My own view is that the lawyer’s role is to advise – not to negotiate. In the non-regulatory world criminal lawyers would never dream of contacting the police to advise them how to conduct their investigation, and certainly never threaten legal proceedings in the event of certain enforcement decisions being made. Such interference would be considered as tantamount to perverting the course of justice.

So who should be investigated and who should enforcement action be taken against?

When carrying out any investigation or fire safety audit, it is essential that those with control of the premises are identified. In large organisations the task of identifying the responsible person (RP) or persons can be very difficult. However, it is not for the enforcing authority to attribute which responsibilities attach to the various persons with control. The legislation has been drafted in such a way as to relieve the investigating officers of that burden.
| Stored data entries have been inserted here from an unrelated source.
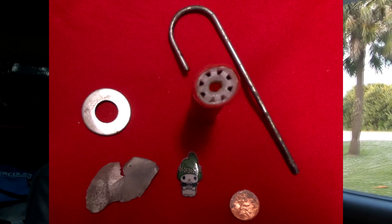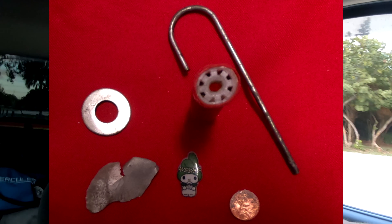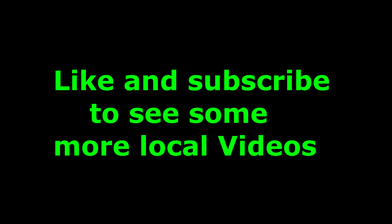All right guys, we're just leaving the beach now. We didn't really get too much — we only got like three or four things, like a washer, a penny, and something else. But here's what I got — put it in the picture real quick. I'll see you guys later and we'll try again another time. Peace.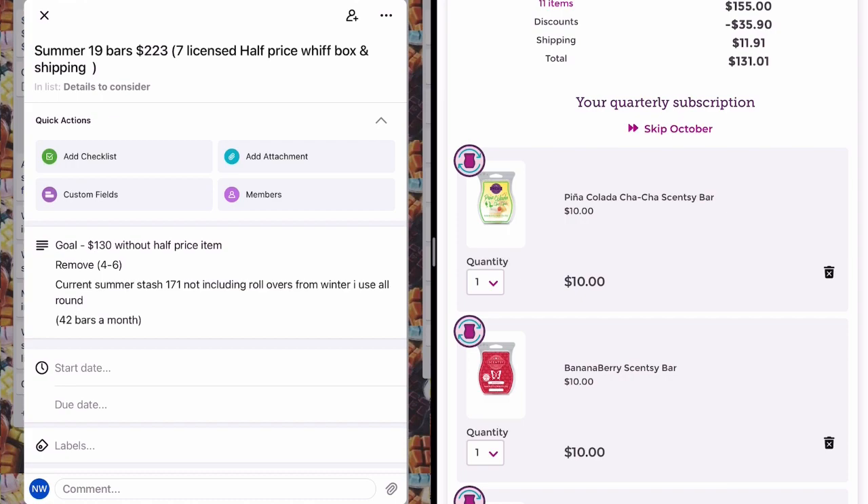My goals for the summer club: it was 19 bars sitting at $223, with seven licensed products. Licensed bars are $11 each, normal bars are $10 each. That included the half price whiff box and shipping. My goal was to bring it down to $130 without the half price product — the whiff box here in Australia is $51, so roughly $25 half price — which would bring it up to about $150 including the whiff box, by taking four to six items out.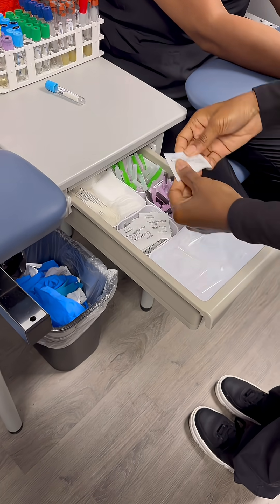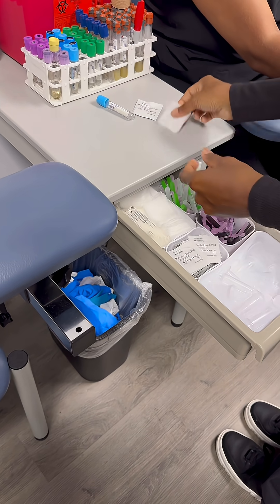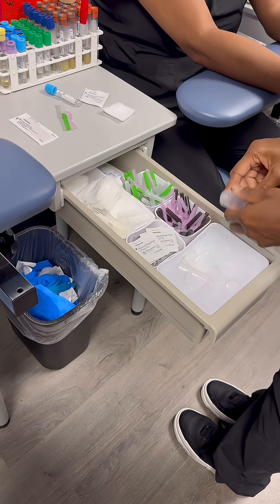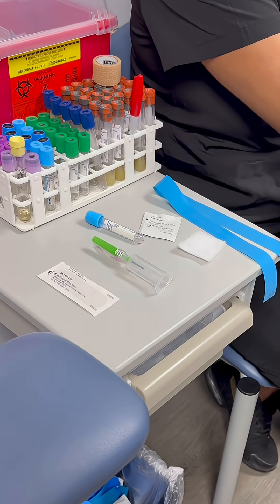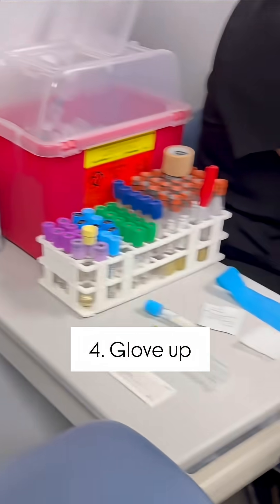Here is where all your supplies are. I'm going to go ahead and grab your alcohol pad, get your gauze — I normally do two — get your needle, your band-aid, get your hub, and go ahead and connect it immediately. This is all the supplies that I will need to draw blood. Before you start, just double-check, triple-check, make sure you have everything you need. Now I'm going to go ahead and grab my gloves.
Consider the guidance documents. At Part 2 – ‘Managing Fire Safety’, the corporate responsibility is made clear. The company policy should set out those who will hold responsibility for fire safety. When investigating large organisations, the written company policy should be sought immediately. A failure by the corporate body to have considered the above points could lead to further charges under Article 11. Under Articles 5 (3) and 5(4), any person with any control over any part of the premises can be a person responsible under the Order. This would include store managers; licensees; or anybody who made the decision to open the premises on any particular day.

Enforcement or Prohibition Notices should always be issued against the RP under Article 3, but they should also be issued against any persons with any control over the premises.

A number of issues have been raised recently, for example, with regard to the relationship between breweries and licensees. In these situations, there is usually a lease agreement which details the repairs responsibilities of each party. However, very few leases deal with fire safety responsibilities. The investigating officer must satisfy himself that the employer or owner of premises has properly divested themselves of their responsibilities under the Fire Safety Order. How can they have done this if they have not included relevant clauses in the lease?

Article 22 is quite clear: where two or more responsible persons share duties in respect of premises, each must co-operate with the other person concerned so far as is necessary to enable them to comply with the requirements and prohibitions imposed on them by the Order.

If the relevant notices are served on all the responsible persons and those notices contain reference to Article 22, the investigating officer has done his job. He need not get involved with the arguments as to who is responsible for the fire alarm. The Magistrates’ Court will have little sympathy to such arguments either. They will merely quote Article 22, and tell those responsible to sort it out.

The Order and the guidance clearly foresaw the practical difficulties of enforcement against large organisations. If the guidance documents and Article 22 are properly utilised the ‘bully boy’ tactics and clever legal arguments may well start to backfire.